Owners of vintage cars like getting attention, in the same way owners of exotic breeds of dogs do. You don't buy a mint-condition 1965 VW Beetle or an Irish wolfhound not to have people ask about it.
That's why, when Dave and Wendy asked if I'd drive them in my '65 Bug as part of their post-wedding celebration, I said sure. Double the attention. A vintage car filled with a newlywed couple! I made plans to wash and wax the Vee-Wee just for the occasion.
My plans remained intact for weeks. Where's the line between plans and procrastination? I crossed it, bucket of soapy water in hand, the night before the wedding.
What fun. The bubbles sloshed over the car and cascaded down the sexy slopes of the wheel wells. Some chores are more than chores. They're rituals. I get the same restorative vibes washing the car as I do changing guitar strings: Both are acts of renewal.
But I hadn't waxed the car for a few years. That work was going to be a little more foreign. I started from scratch with a tub of paste wax. It came with it a cute, circle-shaped pad for application.
I dipped it into the Grey Poupon-colored wax. Just like in the TV commercials, I worked it on with a vigorous, circular motion. The instructions said, "apply lightly." There was a picture of a guy standing in his driveway next to his newly waxed car. It was beautiful. If applying lightly got that shine, I thought, then applying heavily will get things even shinier. I slathered it on thick.
"Allow to dry for an hour," read the directions. I decided more would be better there, too, choosing to call it quits for the night, wake up a little earlier the next morning, buff the bejesus out of it, and head to the wedding.
In the morning the VW looked like it had been cast in commercial grade stucco. The pretty swirls and circles were pronounced now, creating a deeply rutted, geometric glaze of off-yellow concrete.
I grabbed a terrycloth rag and rubbed it against a spot on the front hood. I rubbed harder. I may as well have been trying to buff the sidewalk.
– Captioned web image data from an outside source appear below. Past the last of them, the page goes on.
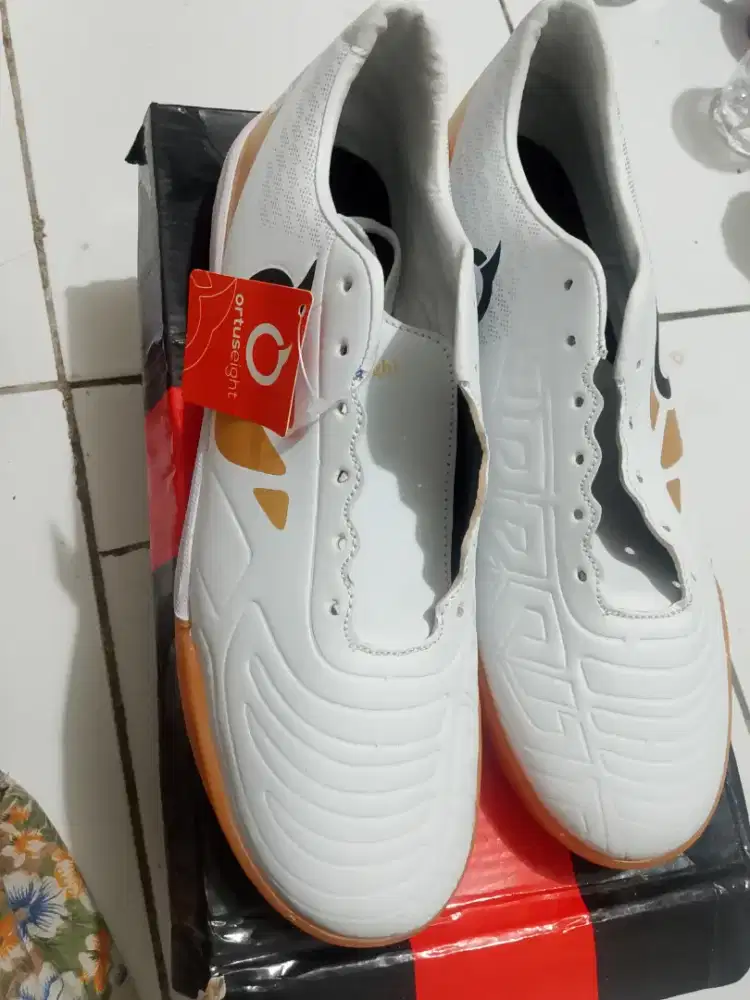 sepatu futsal ortuseigt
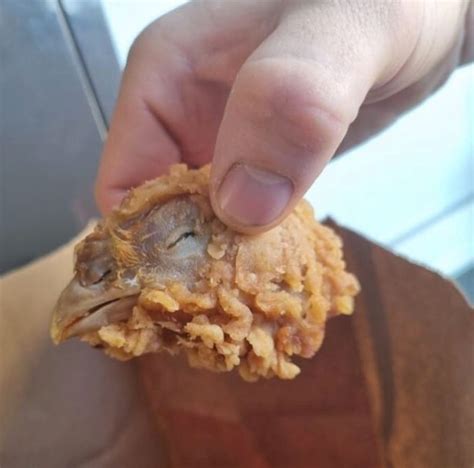 Diner Disgusted After Finding A Full Chicken Head In The Box Of Kfc Hot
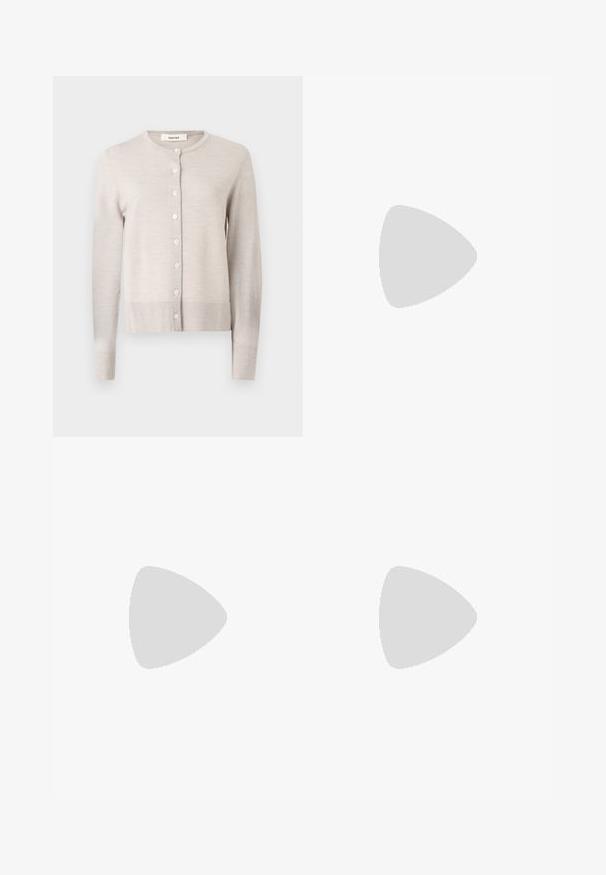 Vaaleanbeige pitkähihainen neulecardigan, jossa on pyörökaulus ja seitsemän nappia edessä, ribattu hihansuu ja helma, merkitty "Selected".; Lyhyt toppi off-white neulemateriaalista. Pitkät hihat, joissa on ribbitekstuuri ja pieniä leikkuukohtia kauluksessa.; Classiset siniset farkut suoran lahkeen muotoilulla, viidellä taskulla ja napillakaan. Ominaisuudet: keskivahva pesu ja kestävä rakenne.; Musta lakattu nahkakengät teräväkärkisillä, leveällä kantapäällä ja nilkkahihnalla, yhdistettynä harmaisiin ribattuihin säärystimiin ja ruskeaan mokkasiinimekkoon.; Vihreä oliivinvärinen mokkanahkainen käsilaukku, jossa on hopeinen tähti koristeena, kaksinkertaiset kahvat ja vetoketjusulku. Teksturoitu pinta ja rakenteellinen muoto.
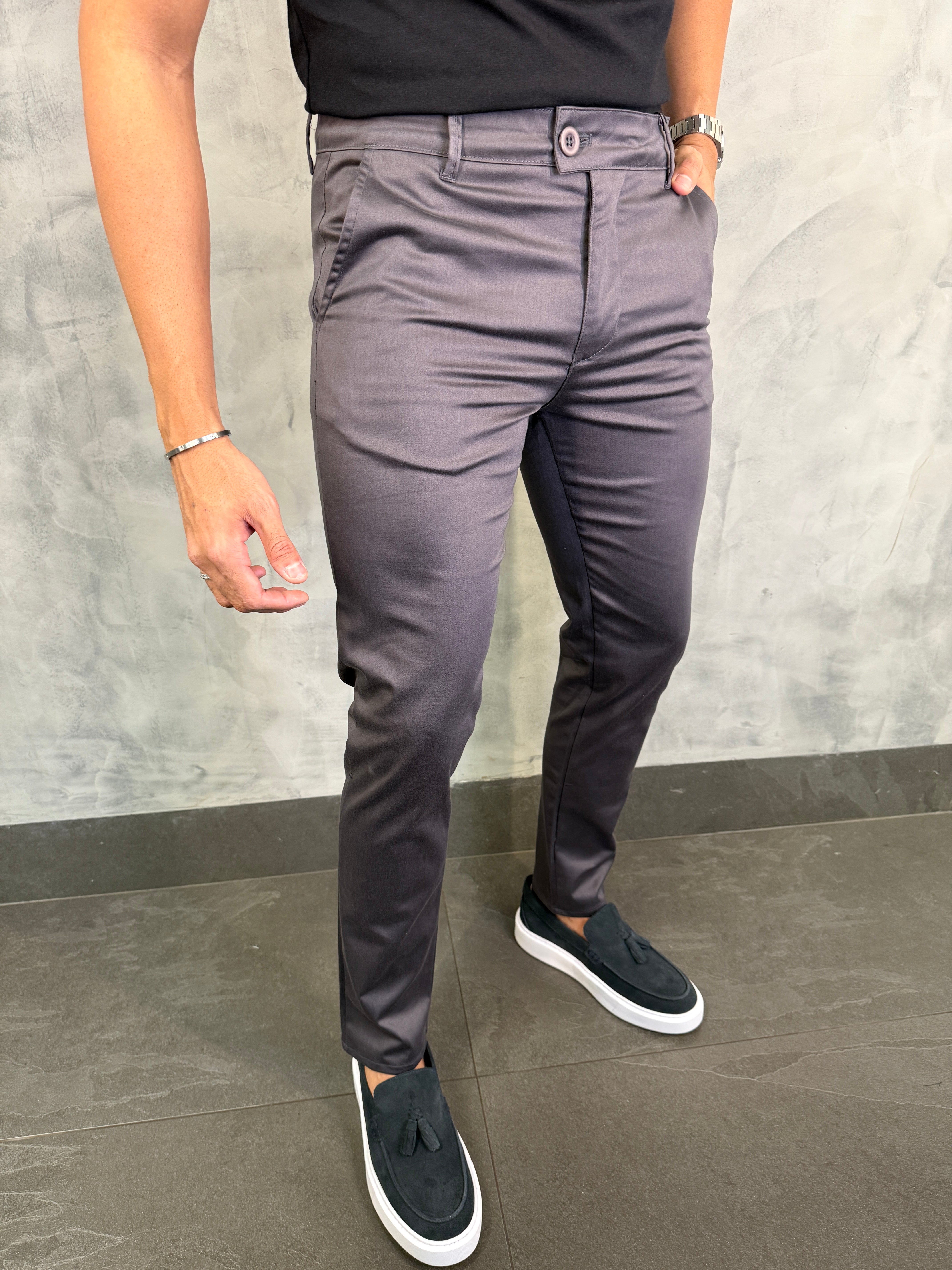 CALÇA SARJA ACETINADA PONTO H CHUMBO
The wedding started in three hours.
I handled this setback the way any calm, mature, fast-thinking guy would. I sprinted upstairs and begged Peggy to help me.
It was hot that morning. We worked hard. And over the course of 45 minutes we had finished waxing a portion of the Volkswagen the size of a large computer screen. Harder and faster we rubbed. It was as though the car had been entombed for centuries in lava.
We were getting in each other's way, too. Elbows flying and jabbing like we were working the lane in a Chicago Bulls game.
"Let's each take a side," Peggy suggested. She walked around to the other side. I watched her head disappear behind the Bug.
Another hour passed. At this pace we were going to be lucky to be finished in time to drive Dave and Wendy to their first anniversary party. We were rubbing each tiny spot with all of our might just to heat it up enough to move it around. "Let's get the hair dryer on this sucker," Peggy said.
We borrowed our next-door neighbor's hair dryer, too. Turned them on full blast. We looked like strong-armed bandits holding a glazed doughnut car at gunpoint. But the hot air helped.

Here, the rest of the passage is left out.